5 min readJul 23, 2023

Hola!

There are many data manipulation shell commands available out there here are a few I used and found interesting.

sed (Stream Editor): sed is a powerful stream editor used for text manipulation. It takes input from a file, a pipeline, or standard input and applies specified text transformation operations to each line of the input. The transformations are based on commands provided to sed. Common operations include searching, replacing, inserting, deleting, and more. sed is particularly useful for editing large amounts of text or automating text processing tasks.
tr (Translate): tr is a command-line utility used for character translation or deletion. It takes input from a file or standard input, processes it, and produces the output to standard output or to a file. tr is commonly used to replace or remove specific characters in a text stream. It can also be used to squeeze multiple consecutive occurrences of a character into a single instance, and it can be helpful for tasks like converting between character sets or transliterating text.
uniq (Unique): uniq is a command-line tool used to filter out repeated lines from a sorted file.
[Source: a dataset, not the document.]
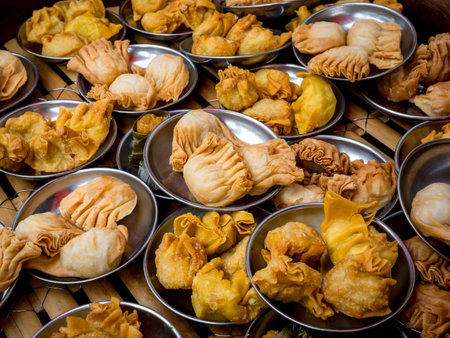 Many oriental crispy deep fried wontons in small stainless steel mini bowl preparing in local restaurant, Chinese dim sum takeaway finger food. Fried halal chicken wontons, tasty breakfast background.の写真素材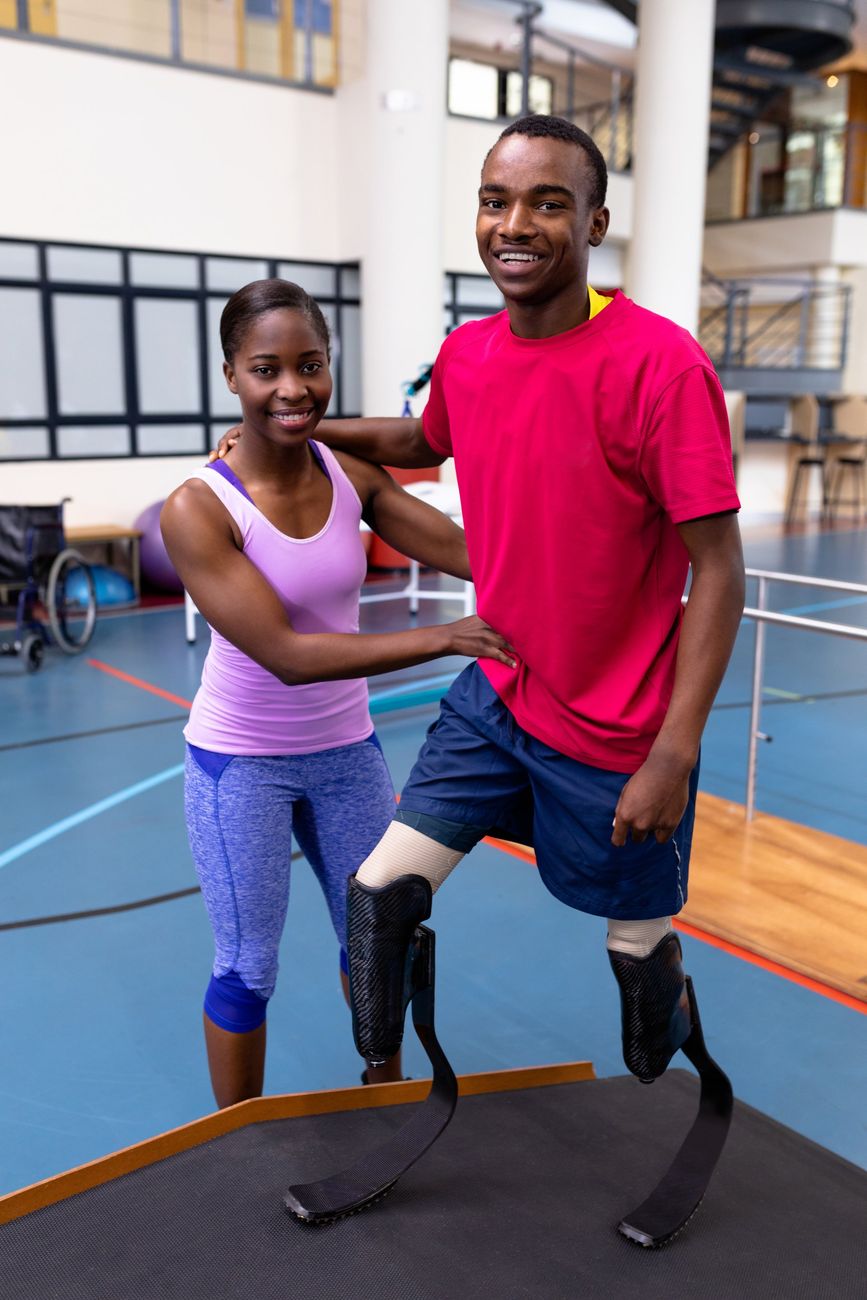 A man with prosthetic legs is being helped by a woman in a gym.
It reads input from a file or standard input where each line is sorted, and it outputs only the unique lines to standard output. If there are duplicate lines adjacent to each other in the input, uniq ensures that only one copy of such lines appears in the output. To work effectively, uniq expects the input to be sorted since it only compares adjacent lines for uniqueness.
awk awk is a versatile and powerful text-processing tool and programming language. It is designed for data extraction and reporting tasks. awk operates on a line-by-line basis, processing input from a file or standard input. It allows users to define patterns and actions, where patterns specify which lines to process, and actions define what operations to perform on those lines. awk excels at handling structured text, where data is organized in columns. It is commonly used for tasks like parsing log files, generating reports, and performing various data manipulations.

Example:
I was given an assignment to achieve the following in a single shell command.
Input:

double double toil and trouble
fire burn and cauldron bubble bubble
tomorrow and tomorrow and tomorrow
creeps in this this petty pace from day toto day
to the last syllable of recorded time time

Expected response:

double toil and trouble
fire burn and cauldron bubble
tomorrow and tomorrow and tomorrow
creeps in this petty pace from day toto day
to the last syllable of recorded time

I have used the following combination of commands by doing the trial and error method to achieve the same.

sed -z 's/\n/ , /g' input.txt | tr " " "\n" | uniq  | tr "\n" " " | sed -z 's/ , /\n/g'

How does it work?
Step-1:
The following command replaces the new line with “ , “ this acts as a placeholder for new lines.

sed -z 's/\n/ , /g' duplicate.txt